The hard-hitting truths to a fanciful change

Megan Burns, Print Editor-In-Chief

   For any student, a break from school is extremely appreciated; even if it’s just for one day. When the workload piles up and piles up with no holidays in sight, the typical five-day school week can feel extremely draining– but would switching to a four-day week be a better option? 

   By law, Illinois students must attend at least 176 days of school. But how would this impact a change in our school year? Would we go into July? Would we move to a year-round schedule? 

   Making that switch would be a “huge decision” and “impact a lot of things,” said Tom Buenik, guidance department chair. 

   “It not only impacts our families but all of our teaching staff; [what if] all of a sudden I had no daycare for my kids [over] the summer because now I have to work?” Buenik said. “So that [would also] impact us being able to even hire teachers here– a lot of people enjoy having summer off. Now, you go to a school [where they] don’t have summer off… would that hurt our ability to even hire teachers?”

   Switching to year-round schooling with the four-day week could be beneficial to students’ academics, however. 

   With summer break, most students aren’t learning, resulting in “summer learning loss,” Buenik noted. So, when students go back, schools account for this with “so much review since [students] haven’t done anything for two and a half months.”

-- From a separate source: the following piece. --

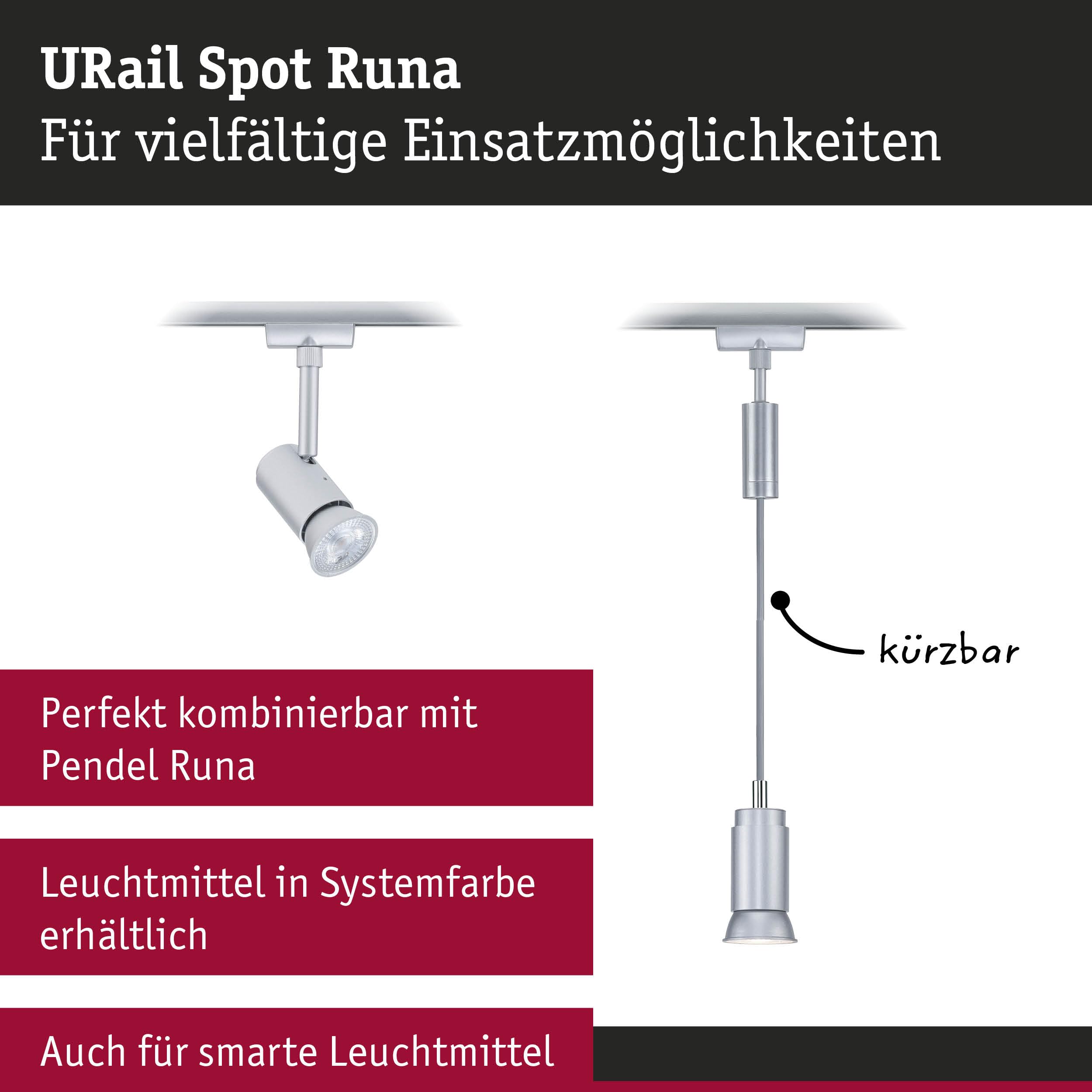 Paulmann URail Runa 95619 Schienenspot chrom matt GU10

   “Year-round schooling [is supposed to] combat that so you’re constantly learning. You never have these large gaps of time where you’re not doing things,” Buenik said. 

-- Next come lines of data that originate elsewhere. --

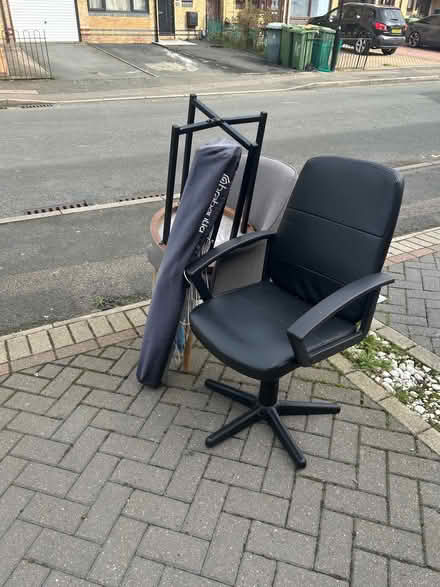 Photo of free Armchair side table clothes airer outside (Plaistow E13) #1
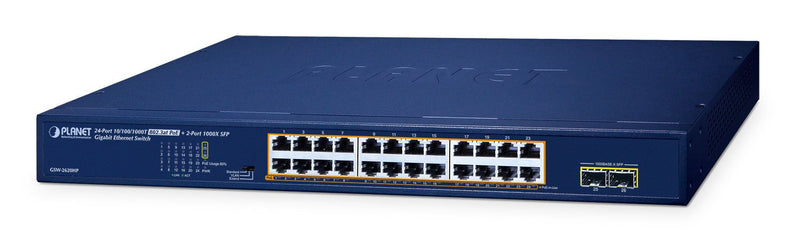 Planet GSW-2620HP Switch No Administrado 10G Ethernet [100/1000/10000] Energía Sobre Ethernet [PoE] 1U Blue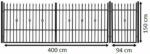 CAMBRIDGE courtyard gate driveway gate entrance gate garden gate with 7cm posts 400cm x 150cm - Image 4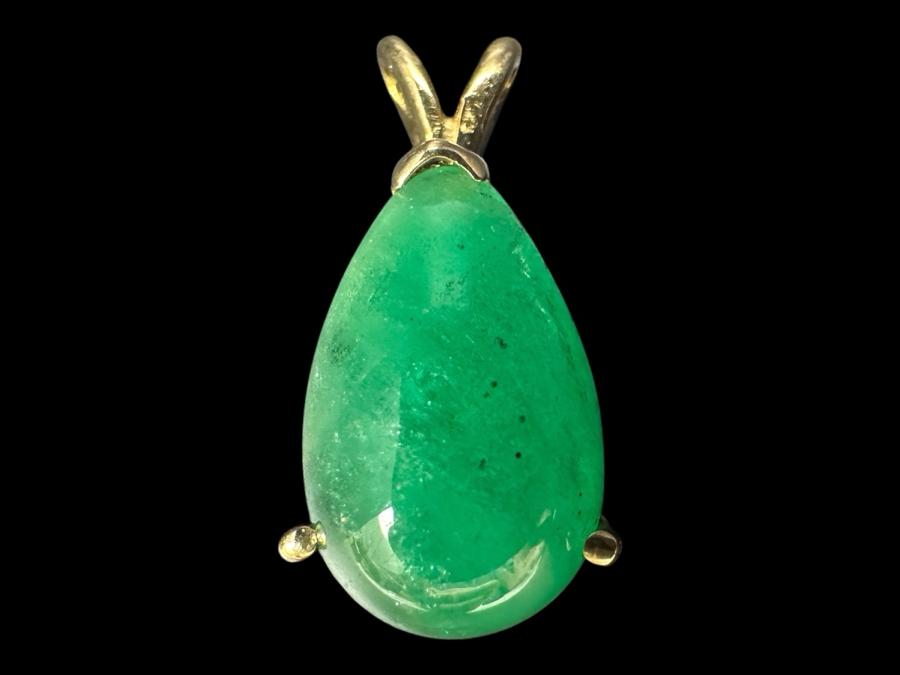 14k Gold Fracture Filled Cabochon Pear Shape Emerald Est. 15-18ct Pendant 4.5g Retails $1,000 [Photo 1]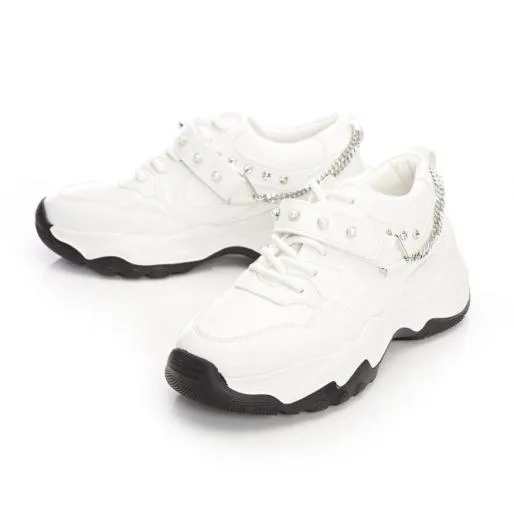 Alexus White Porvair Women Moda In Pelle Chunky Trainers Alexus White Porvair Women Moda In Pelle Chunky Trainers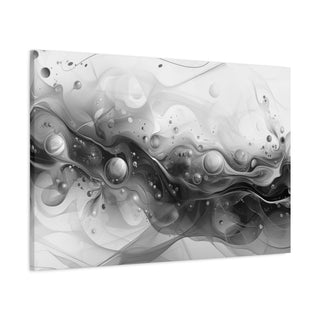 Abstract Flowing Shapes 4 (Black And White) - Abstract Digital Painting On Matte Canvas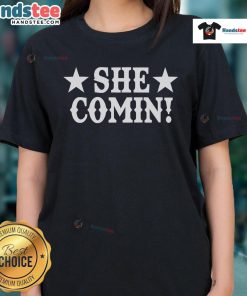 Nice She Comin Western Cowboy Cowgirl Stars Ladies Tee featuring a stylish design for casual western-themed outfits.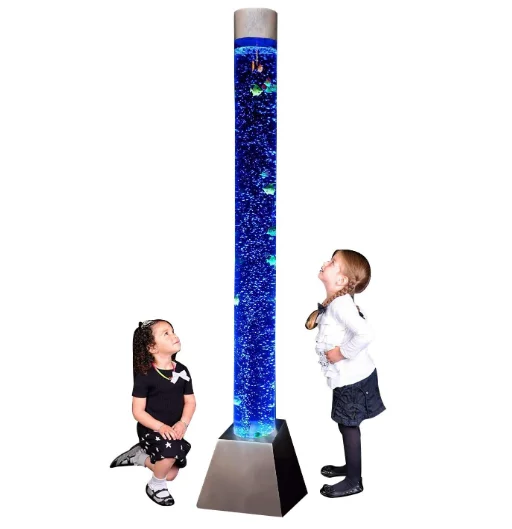 Customized shiny led light water pillar acrylic bubble tube for party decoration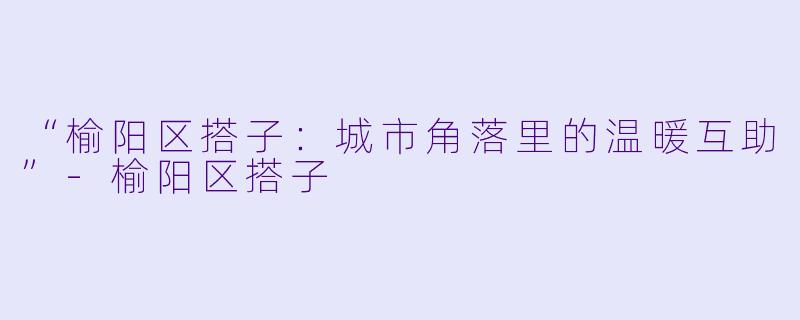 “榆阳区搭子：城市角落里的温暖互助”-榆阳区搭子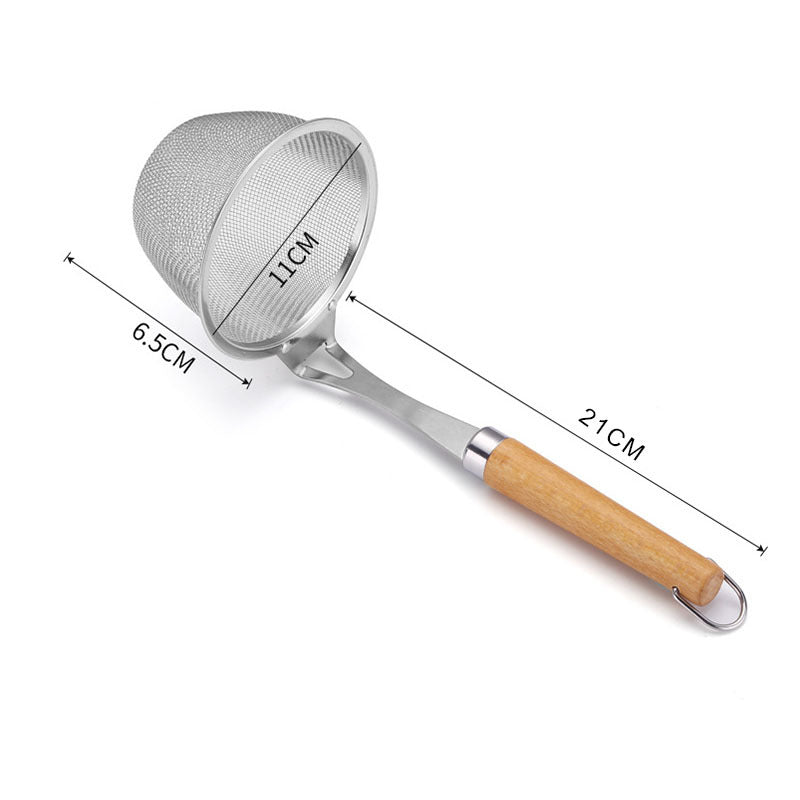 304 Stainless Steel Kitchen Colander & Rice Noodle Skimmer with Wooden Handle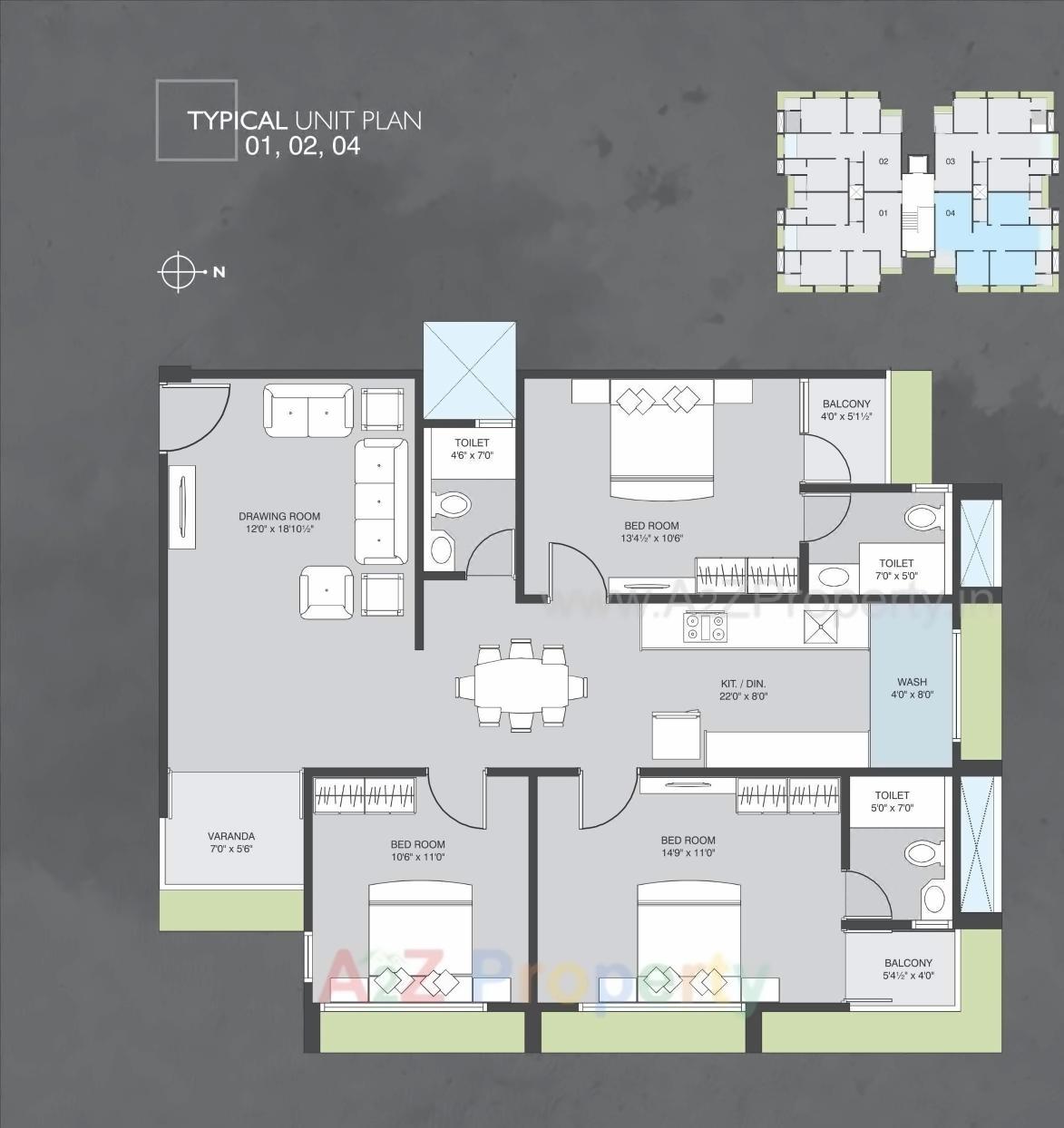 Layout of real estate project Kashana Flats located at Kocharab, Ahmedabad, Gujarat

   Although year-round schooling would be a solution to avoid an extension of the traditional school year, it would still cause the same amount of problems for families in the MHS community as a four-day– yet traditional schedule– would. Families could have students at the feeder schools that are still on a five-day, traditional schedule, or teachers could have their own families on different schedules.

   “My own children would be out of sync with MHS,” Christopher Michalides, science teacher said. “This would impact the ability to travel for prolonged times during [the summer.] Staff with younger children will experience increased childcare costs because we will be in school longer than their children’s schools.”

   Year-round schooling wouldn’t be the only way to balance out the possible August-June year from a four-day week, however. 

   Social Studies teacher Thomas Kuhn stated that “the only way [he] could remotely support this is if the fifth day involved asynchronous work students could do outside of school, such as [watching] videos or [completing] longer-term assignments.” 

   Some people weren’t as concerned about extending school into June however, and were more concerned about students’ well-being from the workload.

   “I believe we should switch to a four-day week due to the [number] of kids [that] are burning out,” Senior Gaby Seleps said. “Two-day weekends have become too short, and the amount of work kids have has become tremendous. With a three-day weekend instead of just two, it should reduce the amount of ‘burn-out’ significantly.”

   Yet with this extra day to possibly help student stress levels, the “spark” of it might wear off over time. In the short term, students would be able to feel less pressure from their academics, but with a longer year that “burn-out” will still be felt– just in a different way.

   Although a regular four-day week sounds heavenly, the change would cause too many problems for families, students and teachers.